I can't even remember the last time when I took a 'real' vacation - and to be completely honest, this is not 'my' vacation, but my sister's and her family's that they invited me too... regardless, I took the 5-hour (each way!) drive to relax in a beautiful beach-front home with my sis and her family and extended family for an extended 3-day vacation weekend in a beautiful beach-front home in Pacific City, Oregon. 

And I arrived to hear a whale singing in the water. He (or she) continued to sing for over 2 1/2 hours, long after my sister and I caught somewhat up (even though her kids were getting up in a few hours, she stayed up to talk to me until 4am!) 

And, I had had a wonderful day in general - watched Elissa for her first official practice of the 2011-2012 season as a select soccer player, sitting in the sunshine with Cey beside me.

Ceylon did GREAT during the drive (we did stop in the middle for a potty break for everybody). However, I am not exactly thrilled about how he has conducted himself so far in the vacation house. I literally cannot remember the last time he peed or pooed in our house when he and everybody else was up (i.e., not confined to the kitchen after everybody went to bed) yet he has so far managed to poop once and pee TWICE so far in the vacation house, despite being taken out. I mean, I know it's his first time in another house for more than an hour... but still!!!! (Does that really mean he has to forget his house-training???? ...apparently... sigh...)

Other than that, though, he is doing great, and I honestly cannot imagine going on vacation without him... I actually cannot imagine doing anything without him around! Funny how quickly and thoroughly they worm themselves into our hearts, isn't it


----------



## krandall (Jun 11, 2009)

Glad to hear you are having such a nice time. As far as Cey is concerned, he is still VERY young, and the LAST thing dogs learn in terms of potty training is to generalize from "I don't pee and poop in the house" to "I don't pee and poop in ANY house." If you don't have an ex-pen with you for when he's indoors, I'd keep him confined to the kitchen or tethered to you to prevent accidents until he's older.

Also, if this is a rental house, it is entirely possible that other dogs have had accidents there previously, which is making him think it's OK too. That's always a problem with rentals. Kodi is very reliable, but I watch him like a hawk in hotels where dogs are allowed, because I SEE him sniffing at specific spots on the carpeting, even though I can't see or smell anything. I'm sure there have been "oopses" there in the past, and I don't want him to think it's OK to add to it!


----------



## Pipersmom (Jul 27, 2009)

Make sure you take some pictures of Ceylon on the beach so we can all be jealous.

Have a great time!


----------



## Kathie (Jul 31, 2008)

I want a vacation for two days without dogs or humans! LOL Can you tell I'm burned out?

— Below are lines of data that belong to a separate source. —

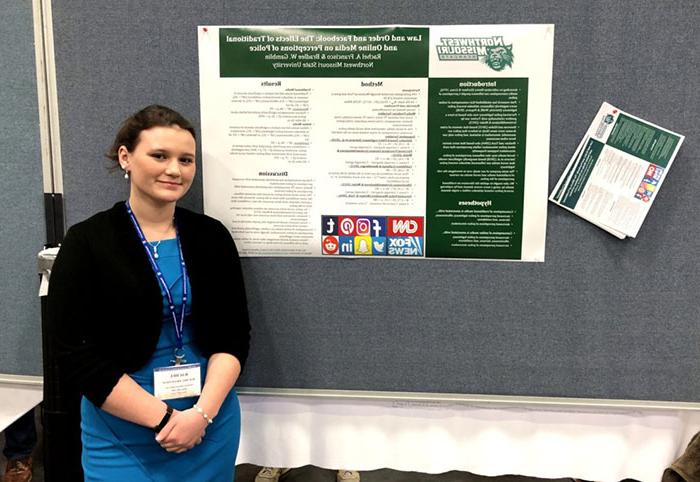 Francisco presents psychology research at national conference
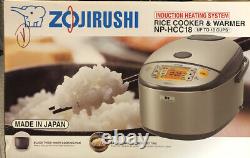 New Zojirushi NP-HCC18XH Induction Heating IH 10 Cup Uncooked, Rice Cooker Japan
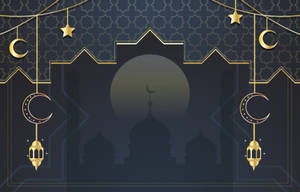 Caption: Celebrating Harmony And Love This Eid Mubarak Wallpaper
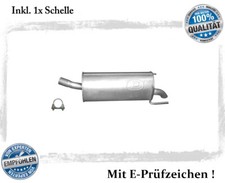 Endschalldämpfer Opel Astra H / GTC / Caravan 1.2, 1.4, 1.6  Auspuff Schelle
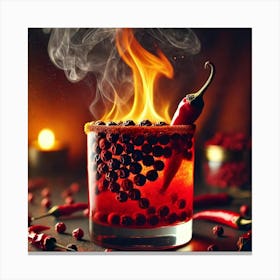 Sovereign Flame Fire Spirit Cocktail Canvas Print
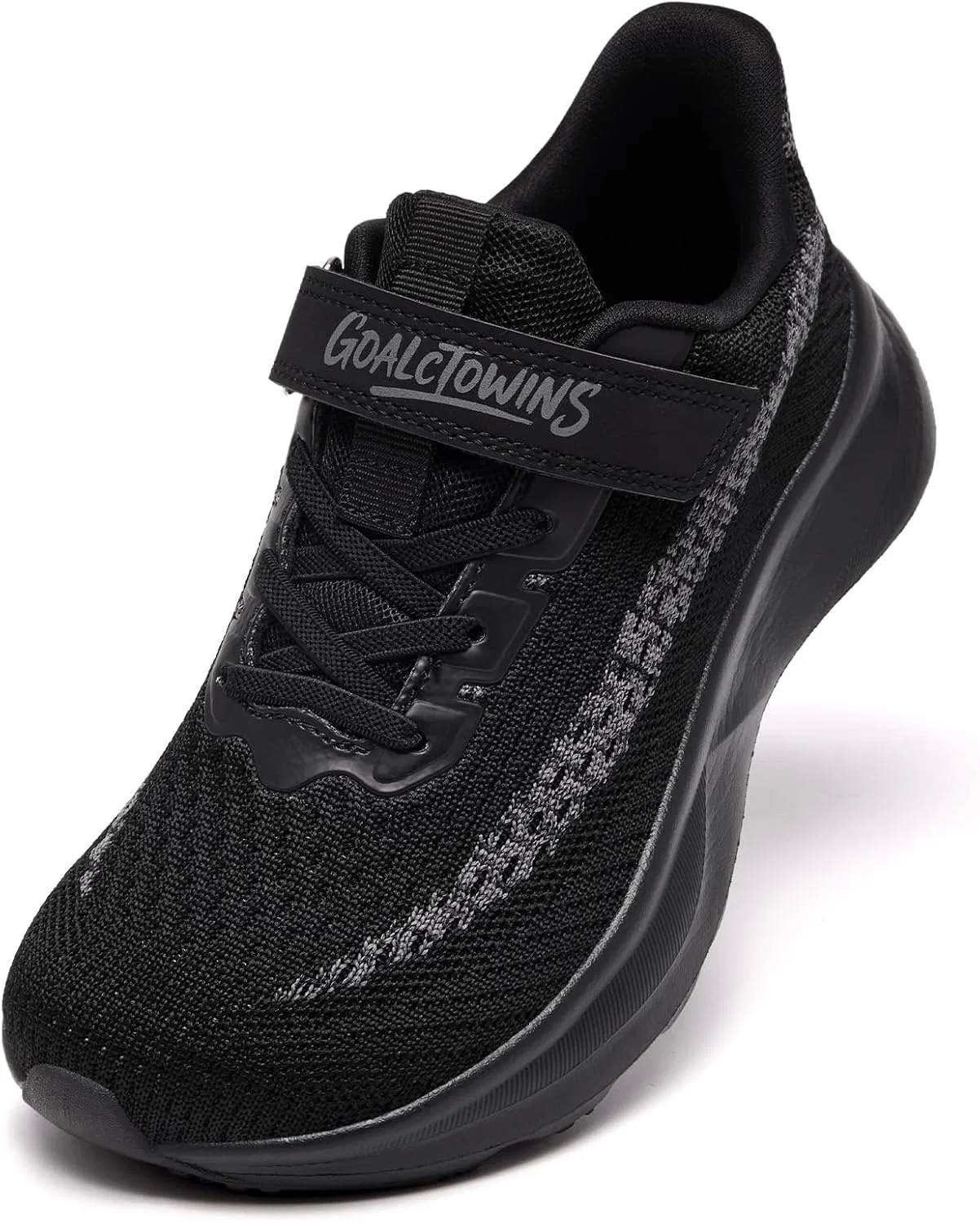 Детские кроссовки для бега с широким носком и нулевым перепадом GOALCTOWINS, Black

I'm glad to hear you're having a great time. I agree with Karen and it also is a new environment which is exciting but confusing, too. Sounds like he's having a good time. And yes, we need pictures!


----------



## HavaneseSoon (Nov 4, 2008)

Dexter and Jack have wormed their way into my heart. I hate leaving the house. I know they will be fine....after all, they sleep all the time!


----------